(DATA EXTRACTS)
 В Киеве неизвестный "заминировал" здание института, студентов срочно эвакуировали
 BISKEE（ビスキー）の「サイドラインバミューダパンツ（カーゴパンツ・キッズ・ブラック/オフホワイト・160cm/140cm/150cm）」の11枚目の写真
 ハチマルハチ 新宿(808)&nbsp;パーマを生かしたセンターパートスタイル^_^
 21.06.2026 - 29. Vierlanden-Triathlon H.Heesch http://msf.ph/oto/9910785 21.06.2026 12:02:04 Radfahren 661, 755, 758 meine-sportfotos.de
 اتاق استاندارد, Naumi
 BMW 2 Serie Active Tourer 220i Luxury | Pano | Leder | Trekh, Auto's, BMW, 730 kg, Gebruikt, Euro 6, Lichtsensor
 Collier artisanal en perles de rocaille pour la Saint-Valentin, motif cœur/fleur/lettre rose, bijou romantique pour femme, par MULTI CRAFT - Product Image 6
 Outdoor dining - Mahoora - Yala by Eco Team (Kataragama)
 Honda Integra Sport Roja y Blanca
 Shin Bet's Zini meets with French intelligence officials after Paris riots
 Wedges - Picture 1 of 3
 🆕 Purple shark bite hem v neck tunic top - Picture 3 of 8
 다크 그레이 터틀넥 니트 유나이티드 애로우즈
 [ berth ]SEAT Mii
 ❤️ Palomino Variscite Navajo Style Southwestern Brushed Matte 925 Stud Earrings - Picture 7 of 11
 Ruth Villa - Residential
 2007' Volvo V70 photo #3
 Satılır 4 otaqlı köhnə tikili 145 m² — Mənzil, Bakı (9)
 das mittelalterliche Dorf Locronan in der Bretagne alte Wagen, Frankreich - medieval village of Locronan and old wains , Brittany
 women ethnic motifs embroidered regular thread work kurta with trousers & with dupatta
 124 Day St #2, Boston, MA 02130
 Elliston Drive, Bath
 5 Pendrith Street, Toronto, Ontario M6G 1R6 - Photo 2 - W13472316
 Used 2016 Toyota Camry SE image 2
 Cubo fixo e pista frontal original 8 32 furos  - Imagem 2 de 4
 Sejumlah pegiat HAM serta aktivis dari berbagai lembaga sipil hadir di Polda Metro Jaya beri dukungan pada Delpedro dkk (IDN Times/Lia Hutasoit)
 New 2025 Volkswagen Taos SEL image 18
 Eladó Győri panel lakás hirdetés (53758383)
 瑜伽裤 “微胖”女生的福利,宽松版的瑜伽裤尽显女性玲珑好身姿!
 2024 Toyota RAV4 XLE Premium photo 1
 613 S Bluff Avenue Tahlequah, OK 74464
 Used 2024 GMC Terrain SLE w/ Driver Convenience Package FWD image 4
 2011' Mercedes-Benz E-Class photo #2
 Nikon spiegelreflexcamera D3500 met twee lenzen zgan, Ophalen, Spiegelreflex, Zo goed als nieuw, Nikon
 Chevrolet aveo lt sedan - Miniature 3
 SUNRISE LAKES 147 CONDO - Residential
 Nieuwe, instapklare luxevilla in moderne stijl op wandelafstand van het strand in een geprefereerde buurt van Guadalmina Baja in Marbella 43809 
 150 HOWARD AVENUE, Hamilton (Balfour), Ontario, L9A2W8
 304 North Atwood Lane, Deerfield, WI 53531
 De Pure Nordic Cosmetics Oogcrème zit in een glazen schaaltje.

(WORK ITEM) Copy every record above verbatim and in full.

(WRITTEN ANSWER)
 В Киеве неизвестный "заминировал" здание института, студентов срочно эвакуировали
 BISKEE（ビスキー）の「サイドラインバミューダパンツ（カーゴパンツ・キッズ・ブラック/オフホワイト・160cm/140cm/150cm）」の11枚目の写真
 ハチマルハチ 新宿(808)&nbsp;パーマを生かしたセンターパートスタイル^_^
 21.06.2026 - 29. Vierlanden-Triathlon H.Heesch http://msf.ph/oto/9910785 21.06.2026 12:02:04 Radfahren 661, 755, 758 meine-sportfotos.de
 اتاق استاندارد, Naumi
 BMW 2 Serie Active Tourer 220i Luxury | Pano | Leder | Trekh, Auto's, BMW, 730 kg, Gebruikt, Euro 6, Lichtsensor
 Collier artisanal en perles de rocaille pour la Saint-Valentin, motif cœur/fleur/lettre rose, bijou romantique pour femme, par MULTI CRAFT - Product Image 6
 Outdoor dining - Mahoora - Yala by Eco Team (Kataragama)
 Honda Integra Sport Roja y Blanca
 Shin Bet's Zini meets with French intelligence officials after Paris riots
 Wedges - Picture 1 of 3
 🆕 Purple shark bite hem v neck tunic top - Picture 3 of 8
 다크 그레이 터틀넥 니트 유나이티드 애로우즈
 [ berth ]SEAT Mii
 ❤️ Palomino Variscite Navajo Style Southwestern Brushed Matte 925 Stud Earrings - Picture 7 of 11
 Ruth Villa - Residential
 2007' Volvo V70 photo #3
 Satılır 4 otaqlı köhnə tikili 145 m² — Mənzil, Bakı (9)
 das mittelalterliche Dorf Locronan in der Bretagne alte Wagen, Frankreich - medieval village of Locronan and old wains , Brittany
 women ethnic motifs embroidered regular thread work kurta with trousers & with dupatta
 124 Day St #2, Boston, MA 02130
 Elliston Drive, Bath
 5 Pendrith Street, Toronto, Ontario M6G 1R6 - Photo 2 - W13472316
 Used 2016 Toyota Camry SE image 2
 Cubo fixo e pista frontal original 8 32 furos  - Imagem 2 de 4
 Sejumlah pegiat HAM serta aktivis dari berbagai lembaga sipil hadir di Polda Metro Jaya beri dukungan pada Delpedro dkk (IDN Times/Lia Hutasoit)
 New 2025 Volkswagen Taos SEL image 18
 Eladó Győri panel lakás hirdetés (53758383)
 瑜伽裤 “微胖”女生的福利,宽松版的瑜伽裤尽显女性玲珑好身姿!
 2024 Toyota RAV4 XLE Premium photo 1
 613 S Bluff Avenue Tahlequah, OK 74464
 Used 2024 GMC Terrain SLE w/ Driver Convenience Package FWD image 4
 2011' Mercedes-Benz E-Class photo #2
 Nikon spiegelreflexcamera D3500 met twee lenzen zgan, Ophalen, Spiegelreflex, Zo goed als nieuw, Nikon
 Chevrolet aveo lt sedan - Miniature 3
 SUNRISE LAKES 147 CONDO - Residential
 Nieuwe, instapklare luxevilla in moderne stijl op wandelafstand van het strand in een geprefereerde buurt van Guadalmina Baja in Marbella 43809 
 150 HOWARD AVENUE, Hamilton (Balfour), Ontario, L9A2W8
 304 North Atwood Lane, Deerfield, WI 53531
 De Pure Nordic Cosmetics Oogcrème zit in een glazen schaaltje.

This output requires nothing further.